Serial rapist gets 59 years

Walter Nyamukondiwa Chinhoyi Bureau
A 22-YEAR-OLD man from Banket, who lived in a bush where he terrorised women through chilling acts of rape and kidnappings, has been slapped with an effective 59-year prison term.
Kudakwashe Shambare of Kingstons Farm in Banket, appeared before Chinhoyi Regional Magistrate Mr Never Katiyo facing three counts of rape and another of kidnapping and assault.

The three counts of rape attracted 20-year jail terms each, but five years were suspended on condition he does not commit a similar offence when he is released in 2073.

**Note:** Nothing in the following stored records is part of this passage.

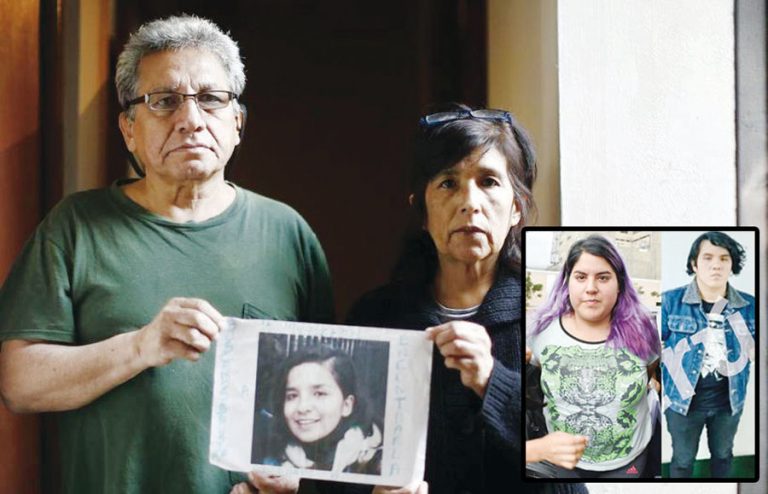 Kevin Villanueva junto a su enamorada, Andrea Aguirre confiesan que asesinaron a Solsiret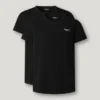 2er-Pack Stretch-Baumwoll-T-Shirts
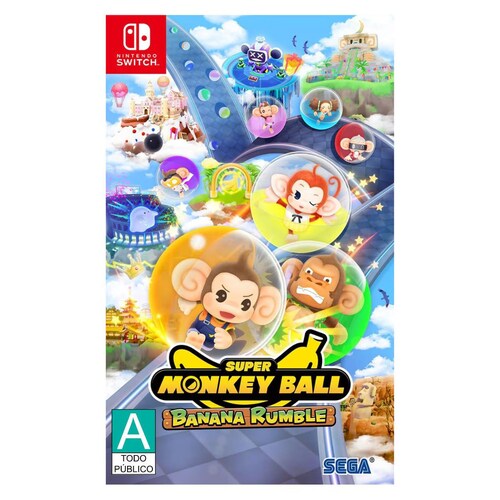 Super Monkey Ball Banana Rumble - Nintendo Switch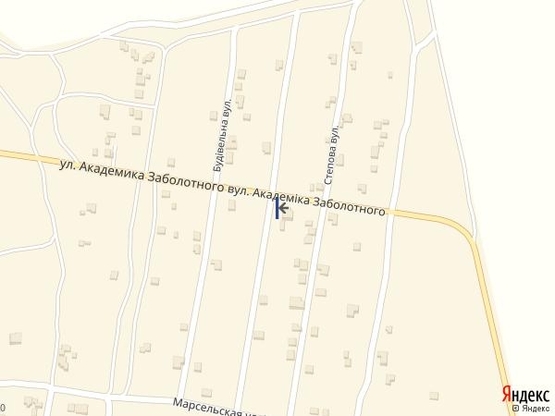 Схема рекламной плоскости по адресу Заболотного 10 Б (трцРивьера)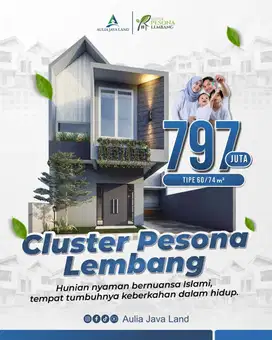Rumah 3 KTidur 2 Lantai Dekat Kampus UPI Setiabudi Cihideung Lembang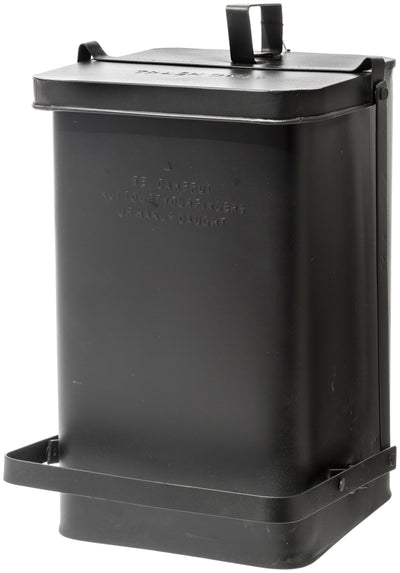 product image for step trash can black design by puebco 2 53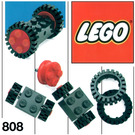 LEGO Wheels and Tyres Set 808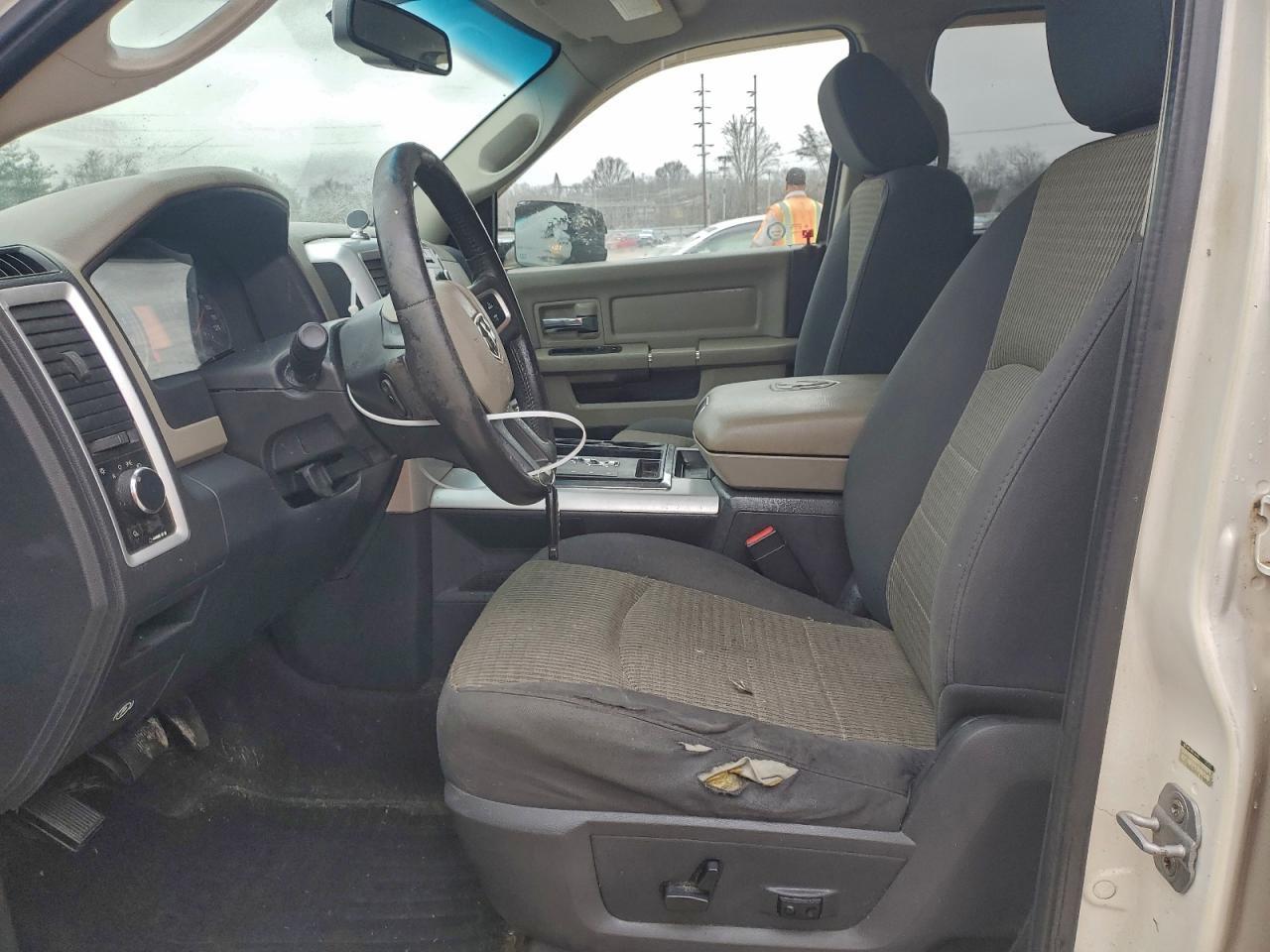 2009 DODGE RAM 1500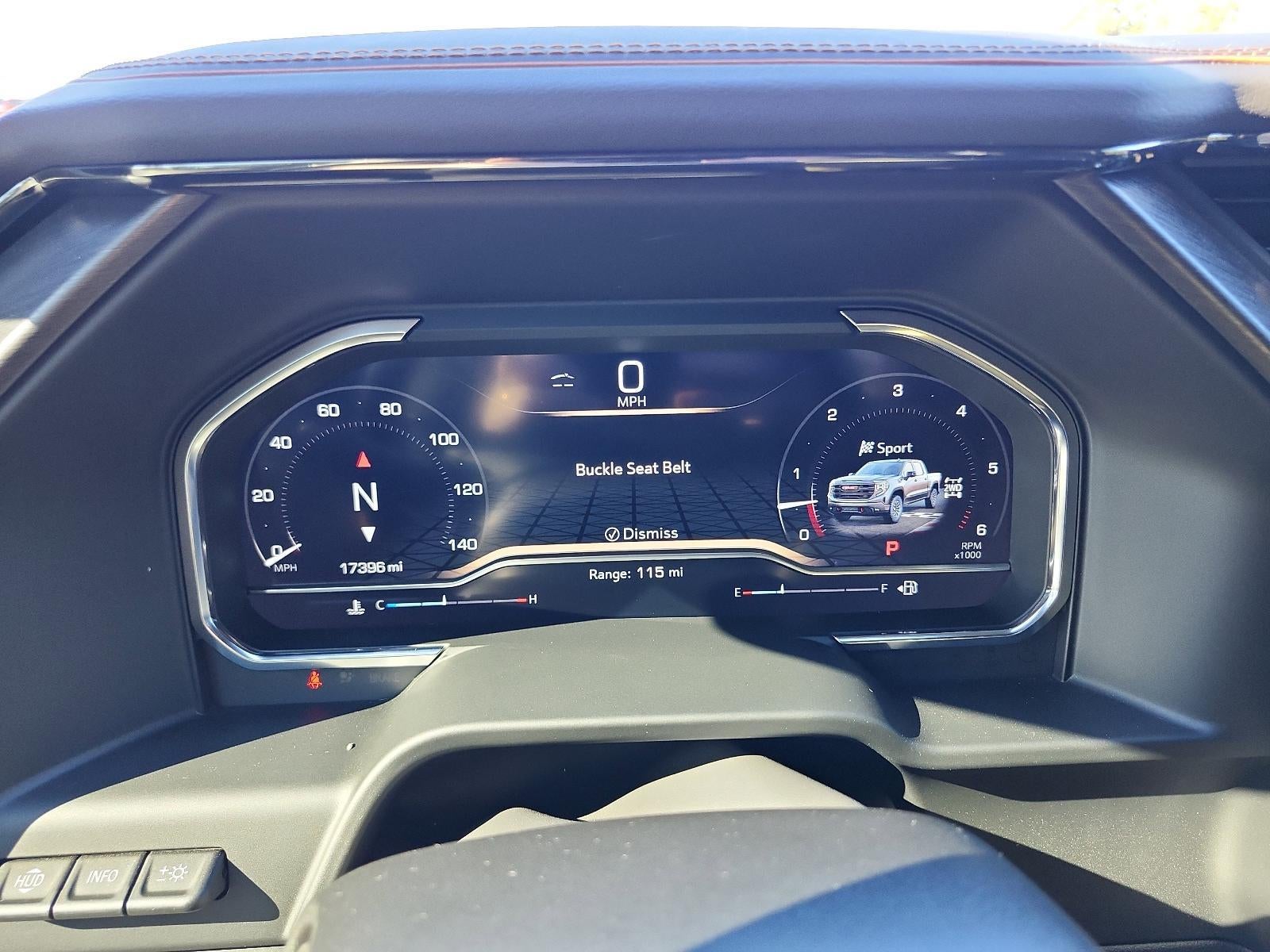 2024 GMC Sierra 1500 AT4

On the count of assault, Shambare was sentenced to five years of which a year was suspended.
In all these cases Shambare was armed with a 38-centimetre double-edged knife that he used to threaten women into submitting to his sexual demands.

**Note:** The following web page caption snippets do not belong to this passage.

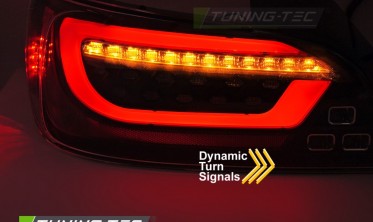Задні лед ліхтарі Honda S2000 темні тюнінгові стопи фото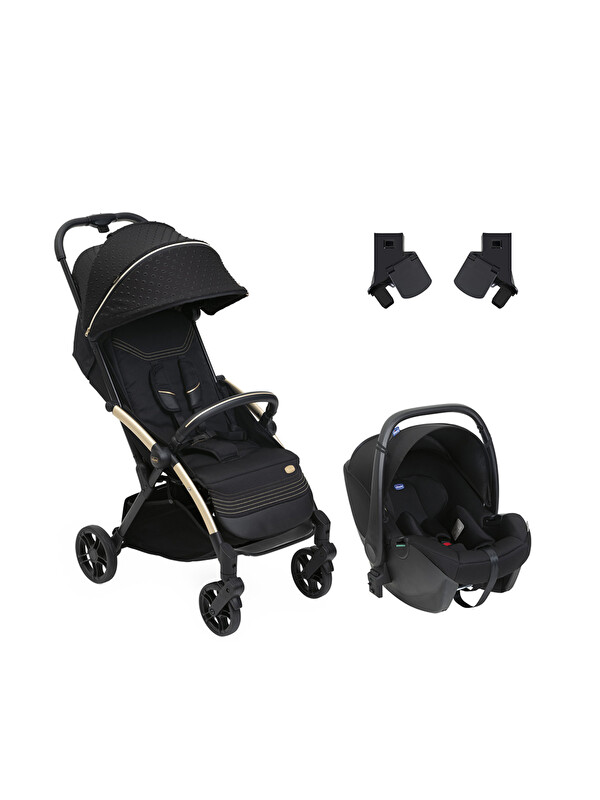 Chicco Duo Goody Xplus Seyahat Seti Black Re_lux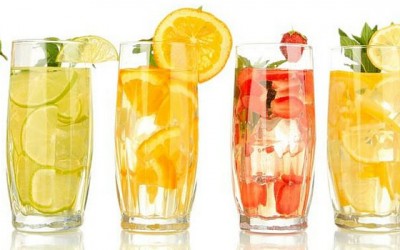 Healthy Fruit Infused Water Recipes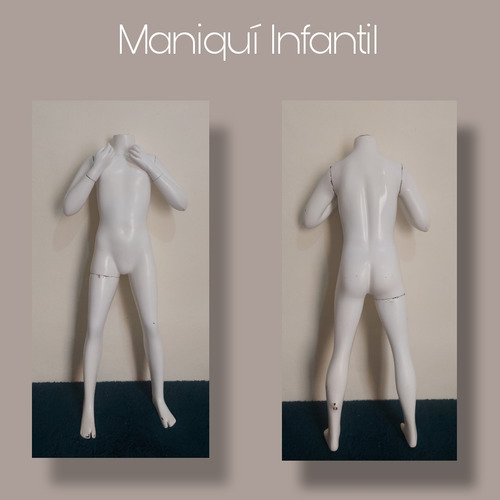 Maniquí De Usó En Excelente Estado 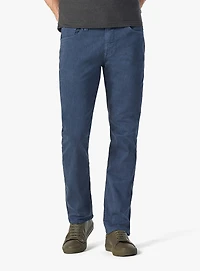 Jeans diagonal bleu 'Cool'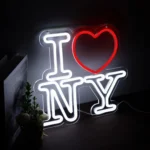 Neon I Love NY 2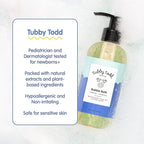 TUBBY TODD Bubble Bath for Kids, Toddlers & Babies - Hypoallergenic, Non-Irritating Sensitive Skin Bubble Bath - 2 Pack, 25 fl oz & 8 fl oz - Lavender Rosemary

The assault and kidnapping charges arose when he went to a homestead at Kingstons Farm on December 8 last year at around 9am.
He assaulted a woman there before drawing his knife and force-marching her to a nearby hill, saying he wanted to kill her.

Shambare, who is a fishmonger, spent the night with the woman and raped her.
On the other count, he went to the home of a 17-year-old girl and told her parents that he wanted to marry her, but they turned him down.

Shambare produced a knife and threatened to kill the girl’s brother before force-marching her to a nearby field where he raped her and spent the night with her.
At dawn, he went further into the bush with the girl fearing that he would be spotted.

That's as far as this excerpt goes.